We disagree. KCL vigorously challenged S.W.'s damage calculations throughout trial during S.W.'s cross-examination and during the direct examinations of T.P. and M.M. With the exception of inadmissible "margin" evidence, there is nothing that prevented KCL from offering its own damage calculation for the jury's consideration. In fact, it did so, on a limited basis, as both T.P. and M.M. were permitted to testify that their calculations showed that Karr, individually, suffered no damages and actually benefited from the COI rates used over the life of his policy. During closing argument, KCL extrapolated from this testimony and argued that because Karr suffered no damages, the jury could conclude that, for the same reasons, the Class suffered no damages. KCL also spent considerable time during closing argument attacking S.W.'s damage model and highlighted that S.W. used a "floor" that did not credit KCL when COI rates used were lower than mortality assumptions, and that S.W. used mortality assumptions that had been blended in a way that artificially inflated the disparity between the assumptions and the monthly COI rates used by KCL. It was plainly KCL's strategy at trial to establish that no damages had been incurred by Karr or the Class and/or that no damages had been reliably proven by S.W., a strategy that was both logical and furthered by Jury Instruction Number 1 which advised the jury that "there has been no determination whether the [C]lass was damaged by [KCL's] actions."

In the case of T.P., this testimony came in over Karr's objection, which, though overruled, arguably should not have been. T.P. testified that the mortality assumptions he used to determine that Karr had no individual damages, and in fact had negative damages, were product pricing mortality assumptions.

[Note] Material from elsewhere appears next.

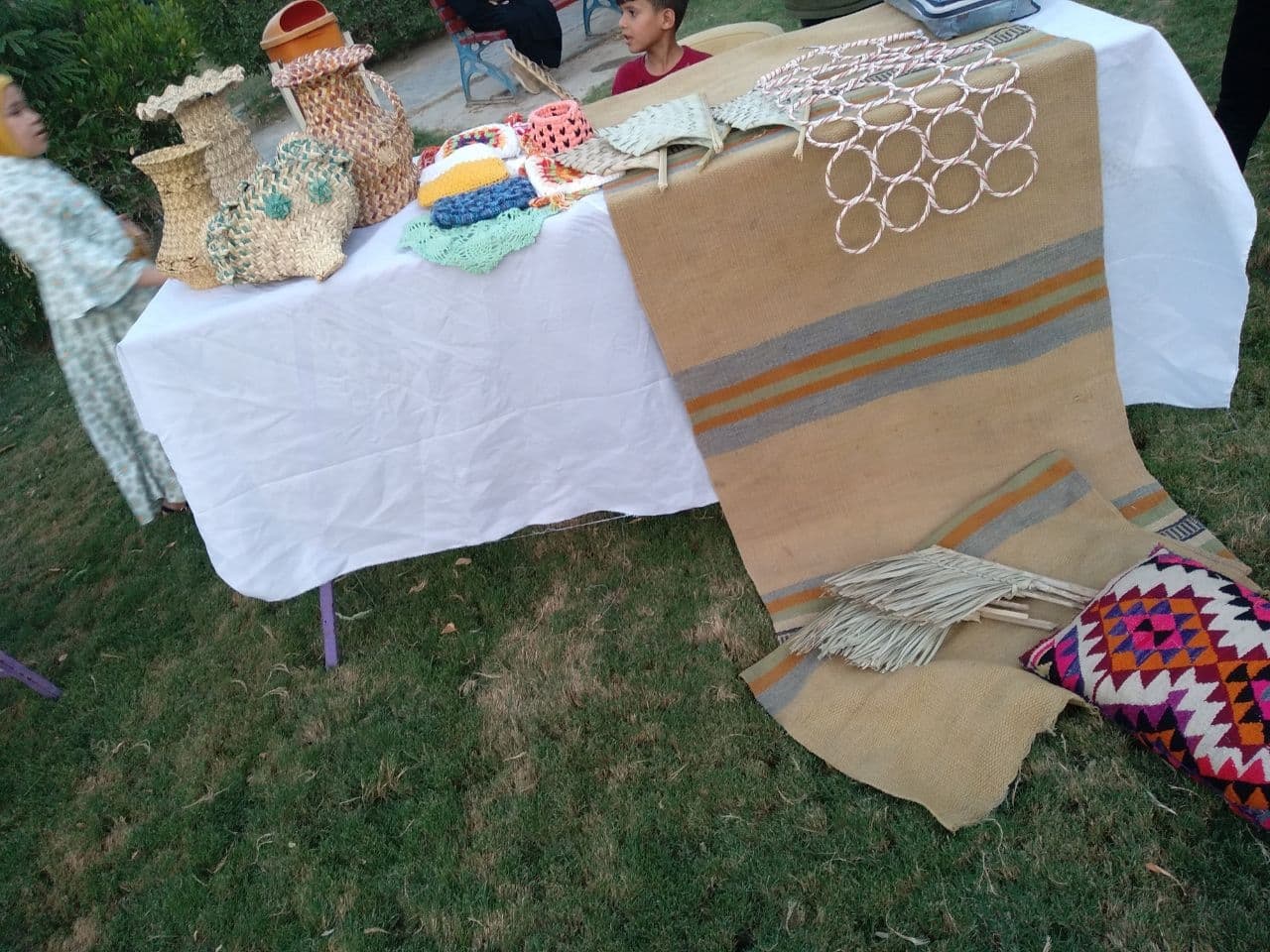 المهفة والمكنسة والحصيرة المصنوعة من سعف النخيل .. بازار الحسينية في كربلاء بنسخته الثانية (صور)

T.P. had already testified that product pricing mortality assumptions include a margin of error-the very "margin" evidence the trial court had already ruled was inadmissible because authorizing use of a margin over and above mortality assumptions to calculate COI rates is inconsistent with the determined meaning of the Policies' unambiguous COI rates provision.

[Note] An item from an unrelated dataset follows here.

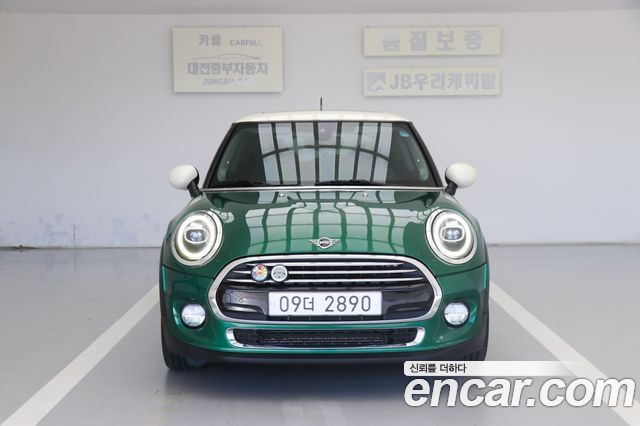 Mini Cooper 2019 — photo 2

Karr's statement during closing argument to the effect that KCL did not offer an alternative damage calculation was an accurate comment on the evidence. Moreover, the comment did not prejudice KCL whose trial strategy appears plainly to have been devoted to securing a zero-damage verdict from the jury.

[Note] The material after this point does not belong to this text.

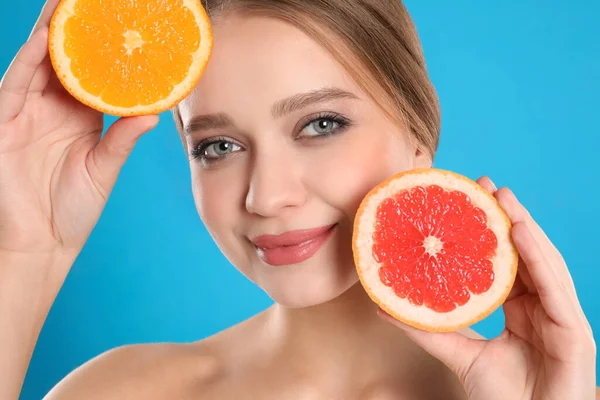 Jonge Vrouw Met Gesneden Grapefruit Sinaasappel Blauwe Achtergrond Vitaminerijk Voedsel — Stockfoto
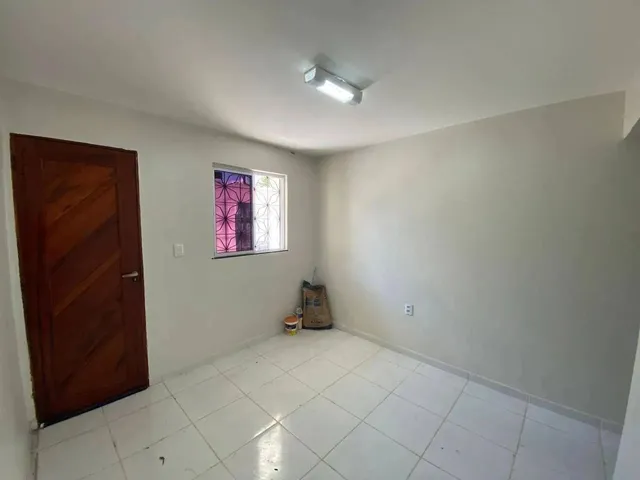 Imagem 9: Casa com 02 Quartos para Alugar no Prefreito José Walter - Fortaleza/Ce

The trial court committed no error, plain or otherwise, in denying KCL's motion for new trial based on a claim of prejudicial closing argument by Karr.

Point Nine is denied.

II.

Karr's Cross-Appeal

Because none of KCL's points on appeal have merit, we turn our attention to the single point on appeal raised in Karr's cross-appeal which challenges the trial court's May 10, 2023 Interim Judgment denying Karr's request for an award of pre-judgment interest.

A.

The trial court's May 10. 2023 Interim Judgment erroneously denied Karr's request for an award of prejudgment interest because damages from KCL's breach of the Policies were capable of ascertainment

Standard of Review

"Determination of the right to prejudgment interest is reviewed de novo because it is primarily a question of statutory interpretation and its application to undisputed facts." Assurance Gen. Contracting, LLC v. Ekramuddin, 604 S.W.3d 761, 771 (Mo. App. E.D. 2020) (quoting Children Int'l v. Ammon Painting Co., 215 S.W.3d 194, 202 (Mo. App. W.D. 2006)).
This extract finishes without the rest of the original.